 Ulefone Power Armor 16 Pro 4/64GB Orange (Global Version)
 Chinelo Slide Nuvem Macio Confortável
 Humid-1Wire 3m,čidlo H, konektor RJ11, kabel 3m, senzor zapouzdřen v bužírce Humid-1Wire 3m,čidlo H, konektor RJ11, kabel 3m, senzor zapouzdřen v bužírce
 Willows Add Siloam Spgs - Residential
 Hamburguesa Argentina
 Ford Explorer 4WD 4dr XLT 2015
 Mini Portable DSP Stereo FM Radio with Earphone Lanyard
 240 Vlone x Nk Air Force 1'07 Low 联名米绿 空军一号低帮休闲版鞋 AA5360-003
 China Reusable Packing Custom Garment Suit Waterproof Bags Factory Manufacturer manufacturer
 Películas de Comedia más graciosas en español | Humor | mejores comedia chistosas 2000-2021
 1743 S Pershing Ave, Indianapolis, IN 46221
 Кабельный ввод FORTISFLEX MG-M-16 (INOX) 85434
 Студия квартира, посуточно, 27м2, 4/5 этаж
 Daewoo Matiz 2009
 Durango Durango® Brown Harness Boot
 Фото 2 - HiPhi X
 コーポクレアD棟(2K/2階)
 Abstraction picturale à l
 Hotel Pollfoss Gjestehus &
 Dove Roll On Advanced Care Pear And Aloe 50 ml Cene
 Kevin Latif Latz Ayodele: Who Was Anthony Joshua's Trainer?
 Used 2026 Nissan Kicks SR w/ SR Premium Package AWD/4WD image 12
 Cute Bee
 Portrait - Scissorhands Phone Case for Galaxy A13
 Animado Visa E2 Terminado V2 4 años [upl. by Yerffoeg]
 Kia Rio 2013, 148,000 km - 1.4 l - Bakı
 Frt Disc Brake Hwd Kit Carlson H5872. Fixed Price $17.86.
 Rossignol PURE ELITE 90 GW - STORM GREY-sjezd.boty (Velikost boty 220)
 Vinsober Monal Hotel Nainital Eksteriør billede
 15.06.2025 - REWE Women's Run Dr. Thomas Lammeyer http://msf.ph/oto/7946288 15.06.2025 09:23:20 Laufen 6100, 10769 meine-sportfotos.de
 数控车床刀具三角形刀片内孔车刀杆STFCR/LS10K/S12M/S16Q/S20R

================

Directions for this task. Retype the material precisely, leaving out no line.

Written response.
 Ulefone Power Armor 16 Pro 4/64GB Orange (Global Version)
 Chinelo Slide Nuvem Macio Confortável
 Humid-1Wire 3m,čidlo H, konektor RJ11, kabel 3m, senzor zapouzdřen v bužírce Humid-1Wire 3m,čidlo H, konektor RJ11, kabel 3m, senzor zapouzdřen v bužírce
 Willows Add Siloam Spgs - Residential
 Hamburguesa Argentina
 Ford Explorer 4WD 4dr XLT 2015
 Mini Portable DSP Stereo FM Radio with Earphone Lanyard
 240 Vlone x Nk Air Force 1'07 Low 联名米绿 空军一号低帮休闲版鞋 AA5360-003
 China Reusable Packing Custom Garment Suit Waterproof Bags Factory Manufacturer manufacturer
 Películas de Comedia más graciosas en español | Humor | mejores comedia chistosas 2000-2021
 1743 S Pershing Ave, Indianapolis, IN 46221
 Кабельный ввод FORTISFLEX MG-M-16 (INOX) 85434
 Студия квартира, посуточно, 27м2, 4/5 этаж
 Daewoo Matiz 2009
 Durango Durango® Brown Harness Boot
 Фото 2 - HiPhi X
 コーポクレアD棟(2K/2階)
 Abstraction picturale à l
 Hotel Pollfoss Gjestehus &
 Dove Roll On Advanced Care Pear And Aloe 50 ml Cene
 Kevin Latif Latz Ayodele: Who Was Anthony Joshua's Trainer?
 Used 2026 Nissan Kicks SR w/ SR Premium Package AWD/4WD image 12
 Cute Bee
 Portrait - Scissorhands Phone Case for Galaxy A13
 Animado Visa E2 Terminado V2 4 años [upl. by Yerffoeg]
 Kia Rio 2013, 148,000 km - 1.4 l - Bakı
 Frt Disc Brake Hwd Kit Carlson H5872. Fixed Price $17.86.
 Rossignol PURE ELITE 90 GW - STORM GREY-sjezd.boty (Velikost boty 220)
 Vinsober Monal Hotel Nainital Eksteriør billede
 15.06.2025 - REWE Women's Run Dr. Thomas Lammeyer http://msf.ph/oto/7946288 15.06.2025 09:23:20 Laufen 6100, 10769 meine-sportfotos.de
 数控车床刀具三角形刀片内孔车刀杆STFCR/LS10K/S12M/S16Q/S20R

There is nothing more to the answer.